*** Opening Material to process ***
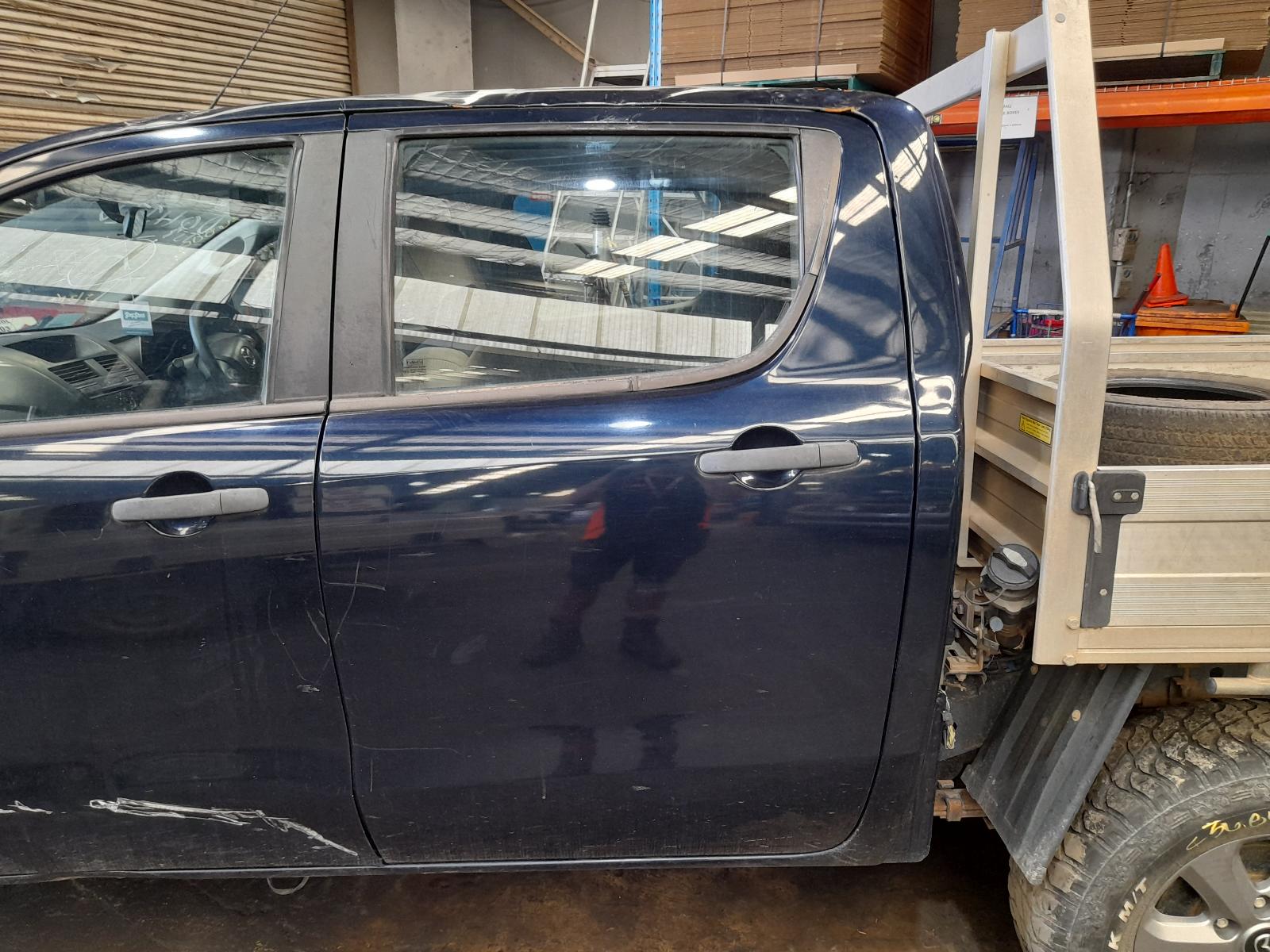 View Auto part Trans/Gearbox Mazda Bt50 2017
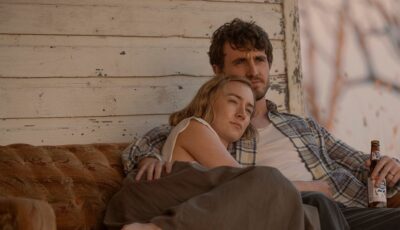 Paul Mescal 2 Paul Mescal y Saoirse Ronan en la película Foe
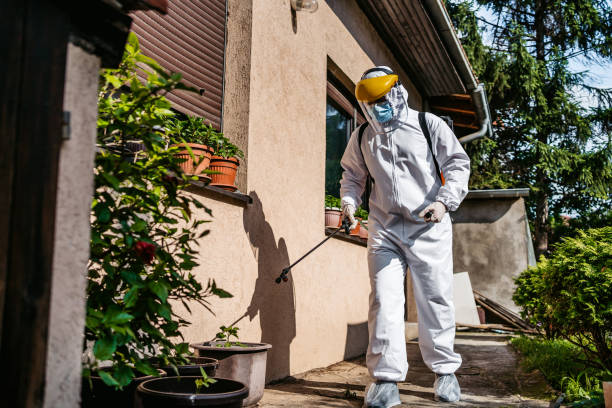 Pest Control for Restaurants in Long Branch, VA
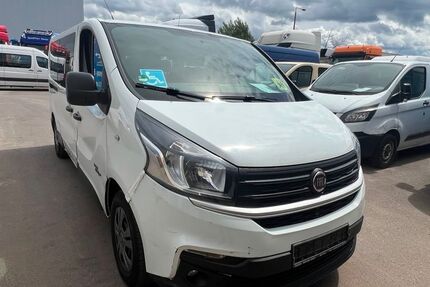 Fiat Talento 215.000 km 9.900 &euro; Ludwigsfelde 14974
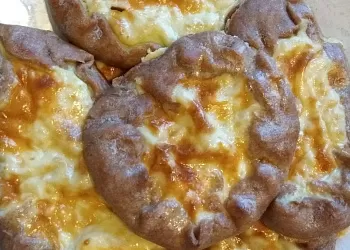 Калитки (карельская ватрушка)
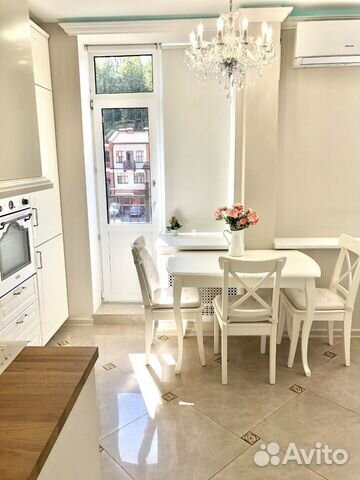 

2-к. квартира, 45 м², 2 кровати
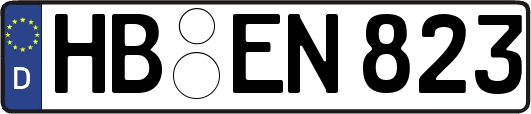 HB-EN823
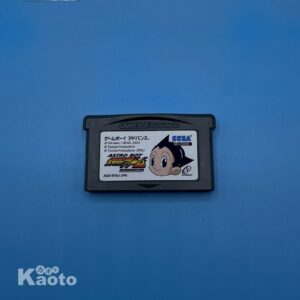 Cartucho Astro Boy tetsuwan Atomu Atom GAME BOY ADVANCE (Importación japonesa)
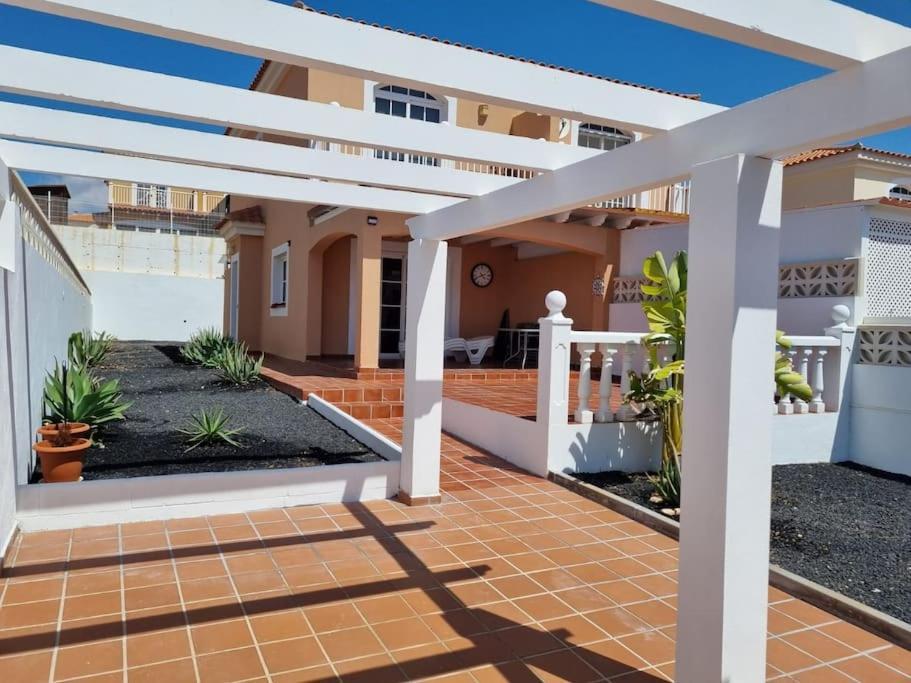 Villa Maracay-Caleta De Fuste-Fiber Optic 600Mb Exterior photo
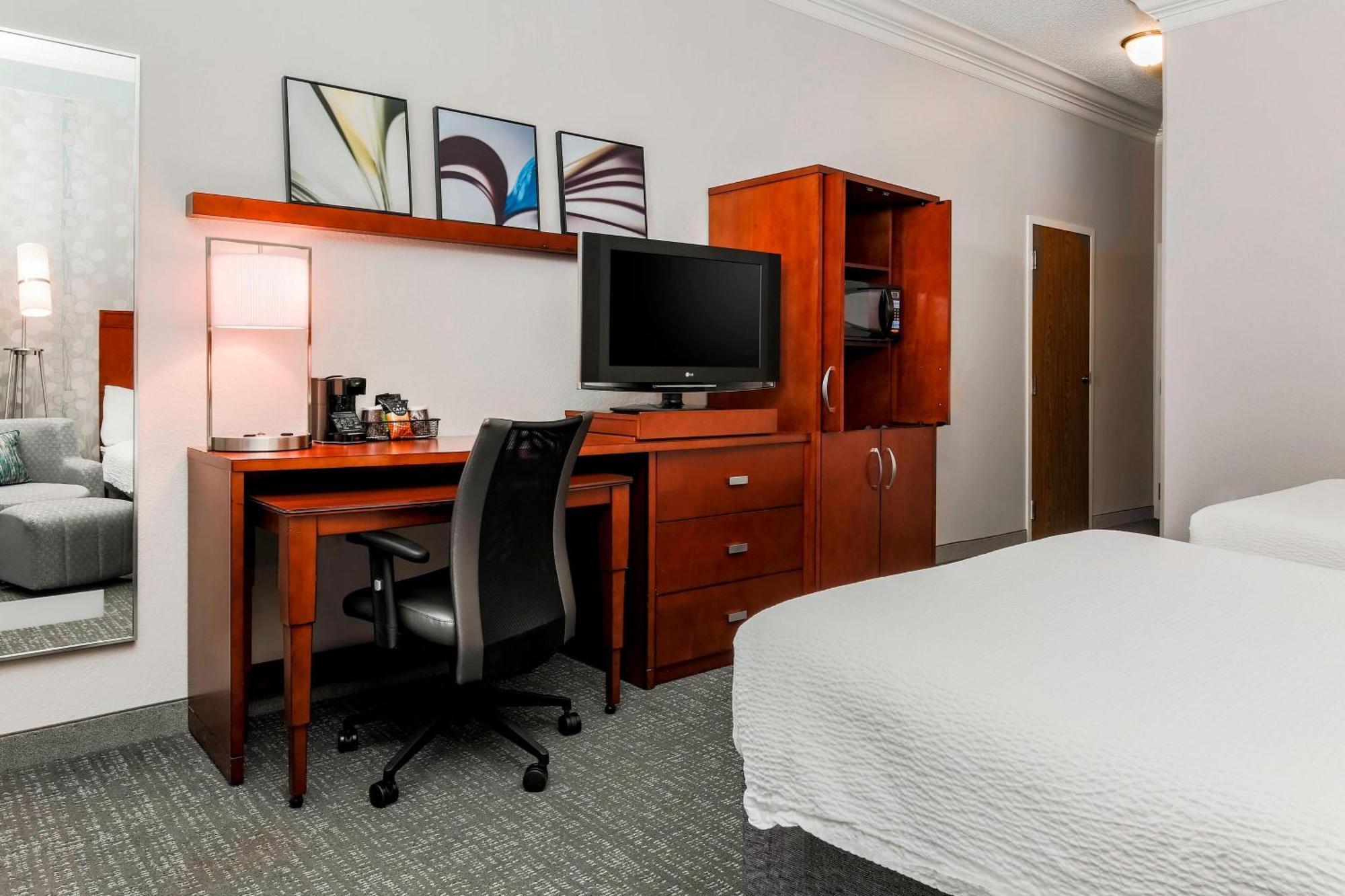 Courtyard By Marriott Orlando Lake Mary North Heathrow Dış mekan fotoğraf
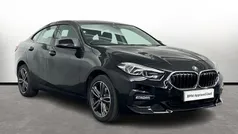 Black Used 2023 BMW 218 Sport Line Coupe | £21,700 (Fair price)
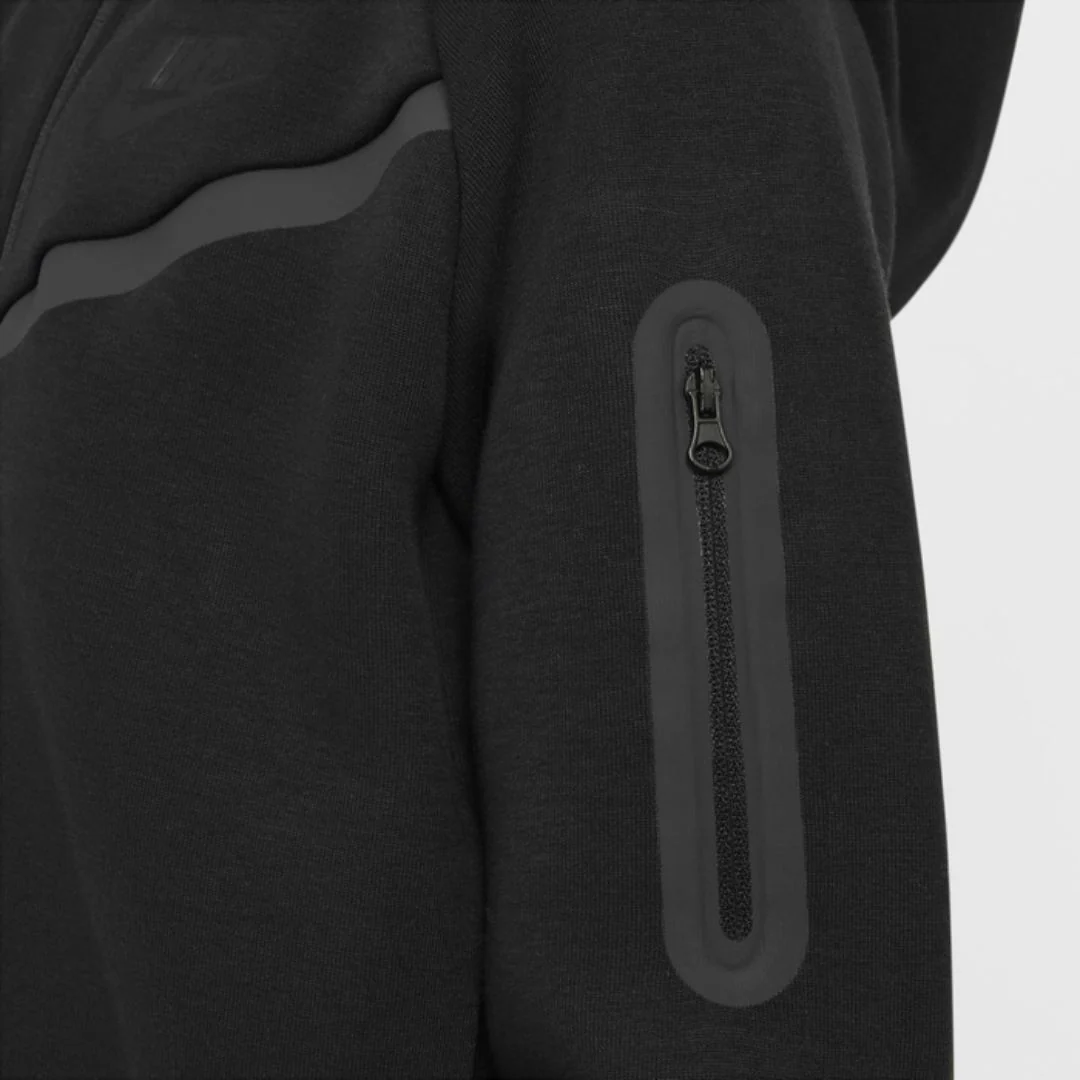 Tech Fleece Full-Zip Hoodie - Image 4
*** Closing Material to process ***
Give the data again word for word, without images.

**Answer to the exercise:**
 View Auto part Trans/Gearbox Mazda Bt50 2017
 Paul Mescal 2 Paul Mescal y Saoirse Ronan en la película Foe
 Pest Control for Restaurants in Long Branch, VA
 Fiat Talento 215.000 km 9.900 &euro; Ludwigsfelde 14974
 Калитки (карельская ватрушка)

2-к. квартира, 45 м², 2 кровати
 HB-EN823
 Cartucho Astro Boy tetsuwan Atomu Atom GAME BOY ADVANCE (Importación japonesa)
 Villa Maracay-Caleta De Fuste-Fiber Optic 600Mb Exterior photo
 Courtyard By Marriott Orlando Lake Mary North Heathrow Dış mekan fotoğraf
 Black Used 2023 BMW 218 Sport Line Coupe | £21,700 (Fair price)
 Tech Fleece Full-Zip Hoodie - Image 4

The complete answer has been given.